Invitación a una boda en Niamey
El siguiente recuerdo es ya una enorme confusión de ruidos en una especie de ceremonia nupcial con muchos hombres vestidos con fes y bubú blanco y grandes zapatos en punta, músicos que le enloquecían con sus tambores y gentes que le hablaban en un idioma que no llegaba a comprender. Y la jovencita, como entre nubes, siempre flotando a su alrededor. Una fiesta sin fin que daba vueltas alrededor de su cabeza. Y en ese estado onírico, no sabe cómo, llegó a Lagos. Seguro que le drogaron, o tal vez fuese poseído por alguno de los cientos de holeys o genios invisibles que a veces se alían con algunos humanos por razones que sólo ellos conocen, tal vez la familia de la chica contaba con el apoyo de los atakurna, enanos del bosque, o los tôro, genios del agua y del cielo.  

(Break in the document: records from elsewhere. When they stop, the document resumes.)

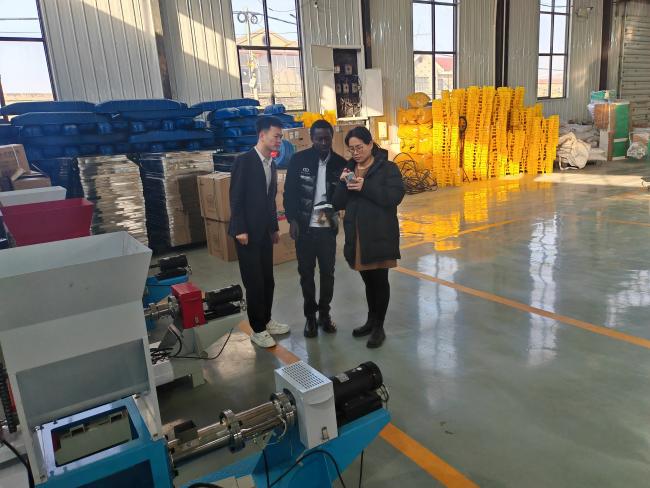 Customer inspecting machinery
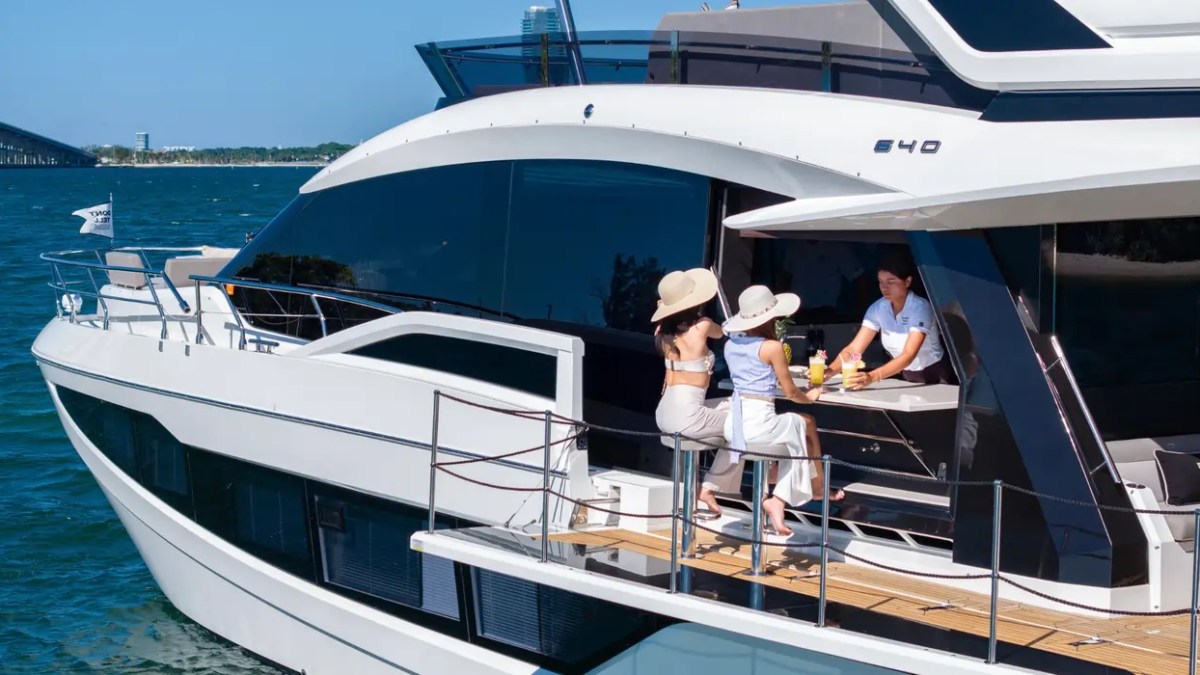 68' Galeon Yacht Charter showcasing the signature side terrace with the retractable galley serving bar and waterside seating while anchored near Key Biscayne on Biscayne Bay.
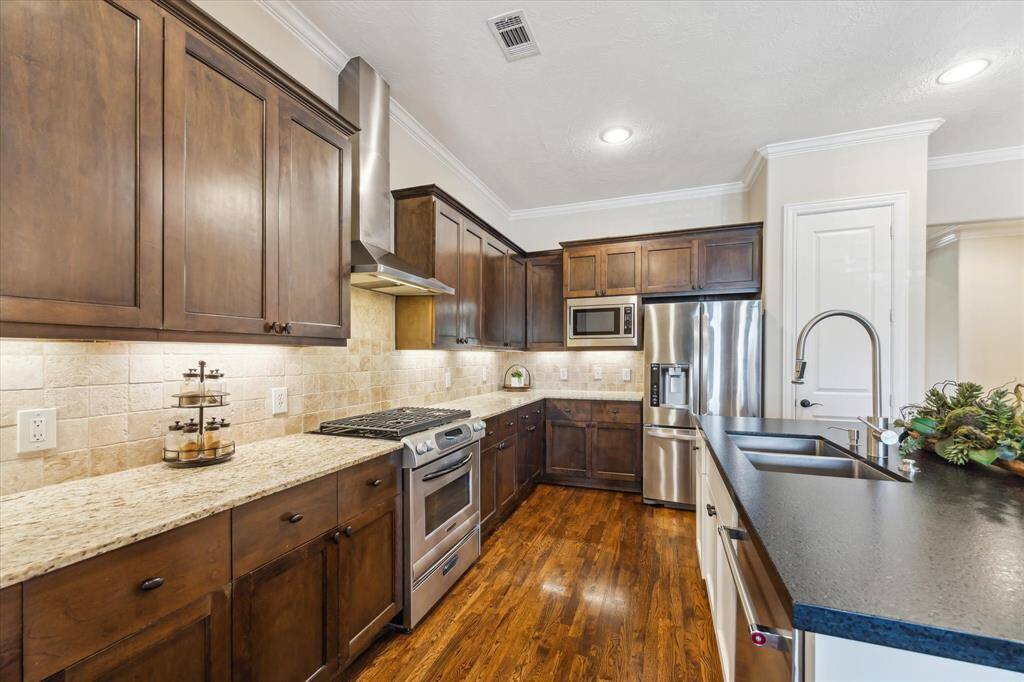 Enjoy ample cabinet space, stainless steel appliances, granite counters, and under-cabinet lighting—designed for both beauty and function in this chef-ready kitchen.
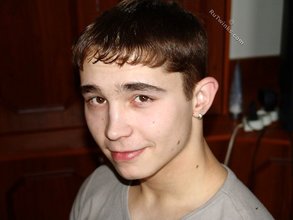 Dark-haired twink posing shirtless in his own room
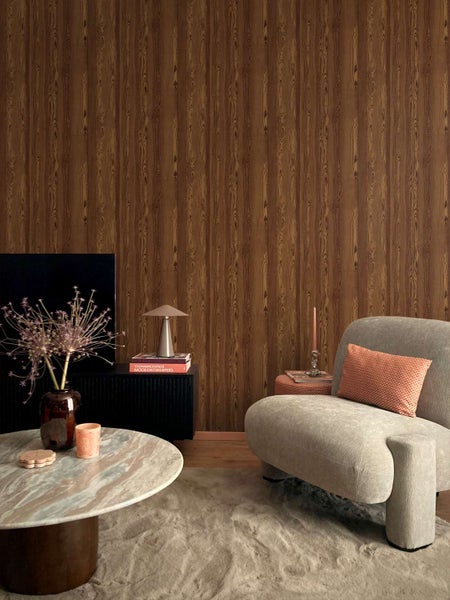 Wohnzimmer mit Vliestapete in Holzoptik mit vertikaler Maserung, kombiniert mit modernem Sessel, Marmortisch und schwarzem Sideboard.
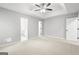 Spacious main bedroom featuring neutral walls and carpeting, a ceiling fan, and multiple doorways at 40 Kelsey Way, Palmetto, GA 30268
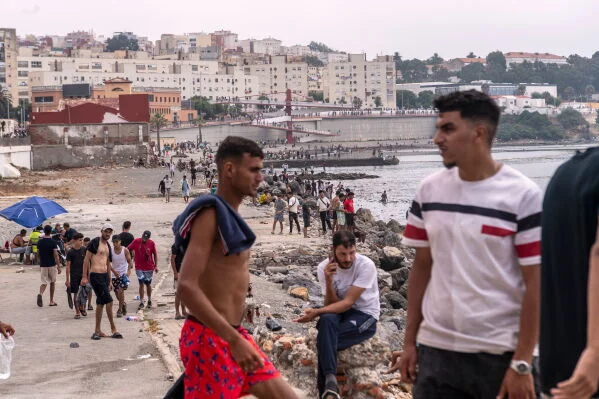 Plage bondée à Ceuta avec des migrants, dont un jeune homme torse nu en short rouge, marchant près du rivage, bâtiments côtiers et jetée en pierre en arrière-plan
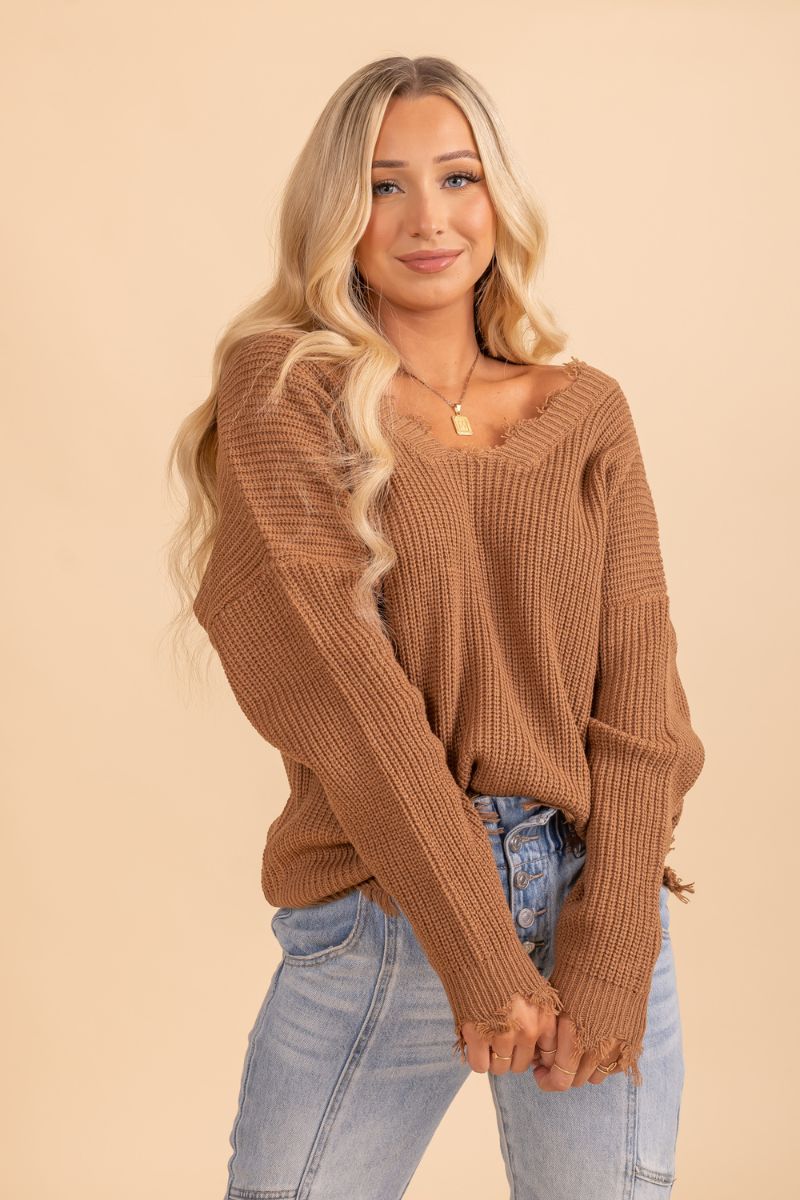 womans brown long sleeve distressed sweater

El caso es que su vida dio un vuelco del que aún no se ha recuperado. Ahora, en Lagos, se encarga de apalabrar medio en hausa medio en yoruba el precio del taxi brousse que habrá de llevar a la extraña familia de su novia a algún mercado en donde hacer su numerito. Mientras, la familia de Rachida espera agazapada con una de las hienas en algún rincón, y en cuanto Salifou llega a un acuerdo con el taxista, corren con la hiena y, sin dar tiempo al asombrado chofer de protestar, ocupan el vehículo, de manera que el aterrorizado conductor no tiene otra que arrancar la furgoneta y correr lo más posible para intentar llegar al destino sin ser devorado por el animal. Con su cara de extranjero timorato y su lengua de trapo, ningún taxista imagina la sorpresa que esconde el muchacho. Ya en la plaza del mercado, la familia de su novia y ella misma realizan diferentes números y juegos con el animal para asombro y divertimento de las gentes de los barrios periféricos de la gran ciudad. Él no participa en el espectáculo, sólo se encarga de recoger las monedas. Todavía no se ha acostumbrado a las hienas, aunque sus cuñados dicen entre grandes carcajadas que son ellas las que aún no se han acostumbrado a él.
Hombres hiena
 
A veces uno no sabe lo que tiene cuando cuenta con un árbol en donde dejar su número de teléfono y una buena sombra donde poder trabajar. Echa de menos aquel barrio tranquilo de Niamey y después de todos estos años aún pierde el sueño a veces pensando en qué sería de la moto que dejó bajo el árbol a medias de arreglar. Es absurdo, pero le reconcome la idea de que su cliente esté enfadado con él. No le reprocha nada a su mujer, ella, al fin y al cabo no fue sino una víctima más de las hienas, como él. Ella, al fin y al cabo, no era nada más que una estudiante de vacaciones en Niamey.